The first Polynesians arrived at Rapa Nui (Easter Island) by canoe hundreds of years ago. This small island is 2,150 miles west of South America. These days, 12 flights arrive every week from Chile, Peru, and Tahiti. In 2011, 50,000 tourists flew to Easter Island. All the tourists go to see the moai

There are different ideas about how the Rapa Nui people moved the moai.  Some historians think the ancestors used ropes and wood and pulled the statues along the ground. The scientist and writer Jared Diamond thinks that many people moved the statues. He also thinks that the people cut down the trees on the island. They needed the wood to move the statues. They also needed a lot of space without trees to grow food. Because they cut down the trees, there was an environmental disaster on the island.

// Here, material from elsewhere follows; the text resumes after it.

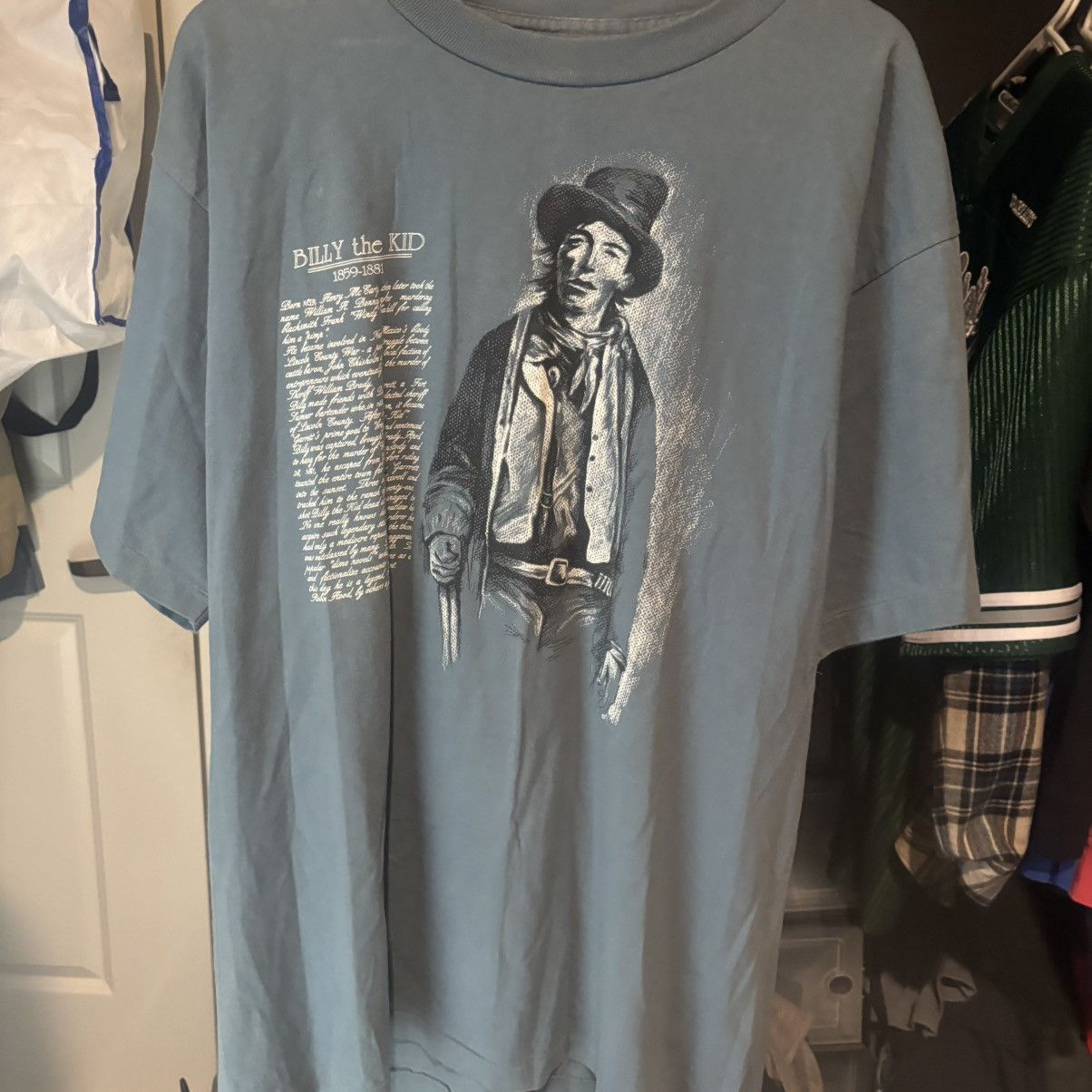 Vintage 1990s Billy The Kid New York Graphic T Shirt Single Stitch Size US XL / EU 56 / 4 - 1 Thumbnail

But archaeologists Terry Hunt of the University of Hawaii and Carl Lipo of California State University Long Beach don’t agree with Jared Diamond. They say that it was possible to move the statues with a small number people and a system of ropes. Last year National Geographic Expeditions Council  paid for an experiment to test Hunt and Lipo’s idea.

Easter Islander José Tuki says, ‘I want to know the truth, but maybe the island doesn’t tell all its answers.’  He  thinks that the moai are very special  and powerful and maybe it’s not a good idea to know the truth.